タンガップの九七式軽装甲車 3月16日の午後、イギリス軍は第146機甲連隊A中隊を先頭に本格的に侵攻を開始し、日本側の捜索第54連隊第3中隊主力とすぐに遭遇します。日本側の装備車両は2人乗りの豆戦車である九七式軽装甲車(イギリス軍は九五式軽戦車と誤認)で、イギリス軍のM3中戦車にはとても敵わず、南のタンガップ方向へ高速で逃げ出しました。しかし、撤退した先には、フロンティア・フォース・ライフル連隊の尖兵中隊が待ち構えており、携帯対戦車火器PIATを次々と発射して、今度は素通りさせてくれませんでした。進退窮まった捜索第54連隊第3中隊主力は、引き返してイギリス軍との接触を断った後、車両を放棄して徒歩で包囲を脱出しました。追撃してきた英軍戦車が発見したのは、放棄された軽装甲車5両(うち3両は自焼した残骸)だけで、乗員の姿はどこにもありませんでした。(画像はタンガップ地区でイギリス軍に捕獲された九七式軽装甲車。砲装備なので中隊長車か第1小隊長車である。)
 このとき、イギリス軍は遺棄された日本軍装甲車の中から、九七式軽装甲車の前でポーズをとった日本軍戦車兵の写真を押収しています。この写真は、吉川和篤『日本の豆戦車写真集』(イカロス出版、2016年)の中表紙に掲載されている白井装甲車隊の車長の写真と同じアングルで撮影されたものです。捜索第54連隊第3中隊は内地出発前に兵庫県の青野ヶ原で待機中、形見となるように全員が一人ずつ装甲車の前に立って記念撮影したのだそうです。なお、このときに写真のネガを内地に残すはずが、誤ってネガまでビルマに持っていってしまったとのことで、現存するのは貴重な一枚と言えそうです。

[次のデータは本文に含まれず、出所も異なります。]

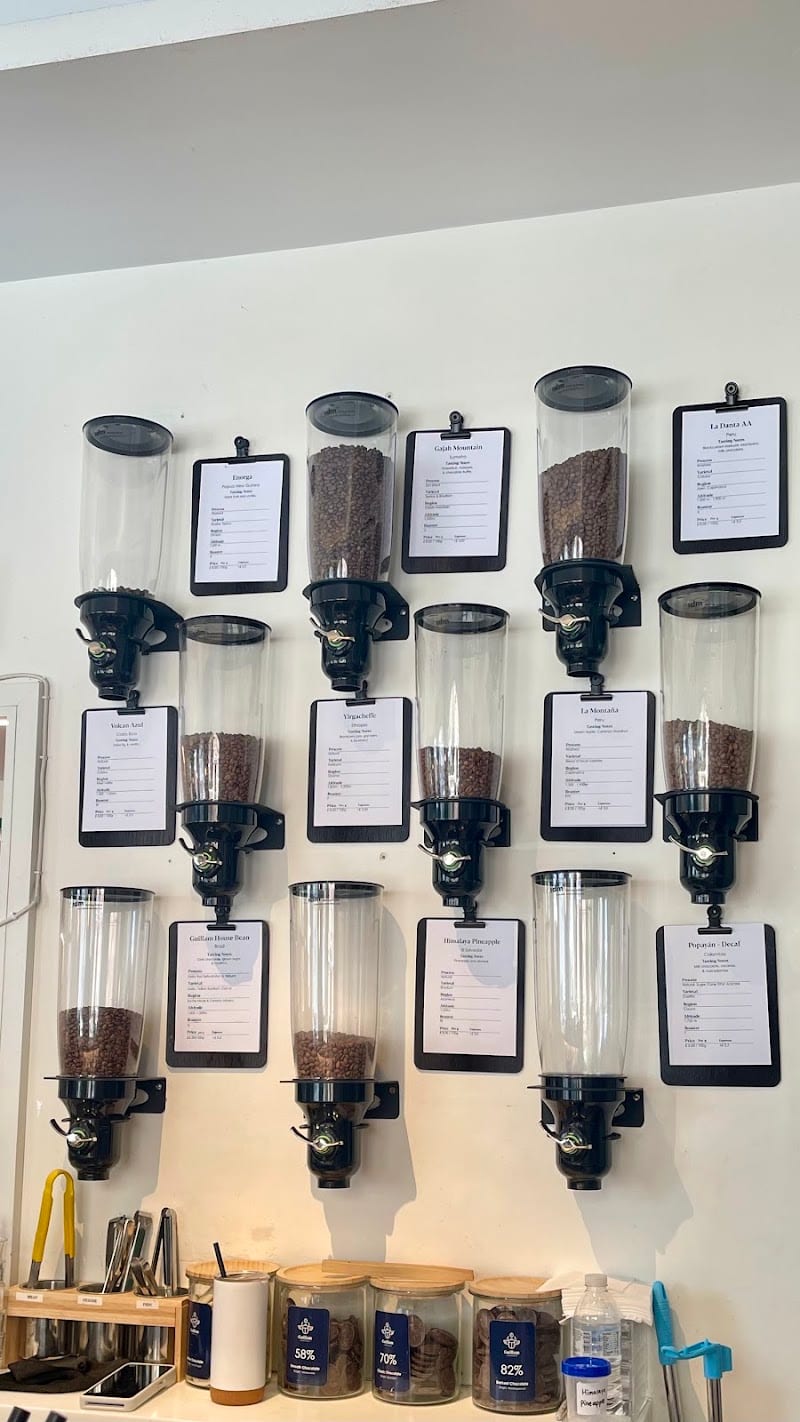 Guillam Coffee House – Bayswater, London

 こうして、捜索第54連隊第3中隊は、装甲車両の主力を失いました。ただし、後方の警戒を命じられた第2小隊(軽装甲車3両)は離脱に成功し、戦闘を継続しています。砲兵牽引車の代わりとして野砲などの陣地転換にも多用されたようです。タンガップ地区隊はイギリス軍に圧迫されて次第に後退し、1945年4月末には第28軍直轄となってビルマ東部のペグー山地へ退却せよとの命令を受けます。第2小隊の軽装甲車3両はアラカン山地を突破してイラワジ河畔のパドン南方まで至り、師団の転進を援護するため後衛戦闘に活躍した後、ついに5月14日に軽装甲車を処分しました。その後は車載重機を主力兵器として戦います。第3中隊の残存兵力は、歩兵第121連隊の黒田先遣隊(集成歩兵1個中隊)に所属して転進の先頭を進み、厳しい退却戦を続けることになります。(この章終わり

追記
日本側の参戦中隊が、第4中隊ではなく第3中隊であったので訂正(2019年5月2日)。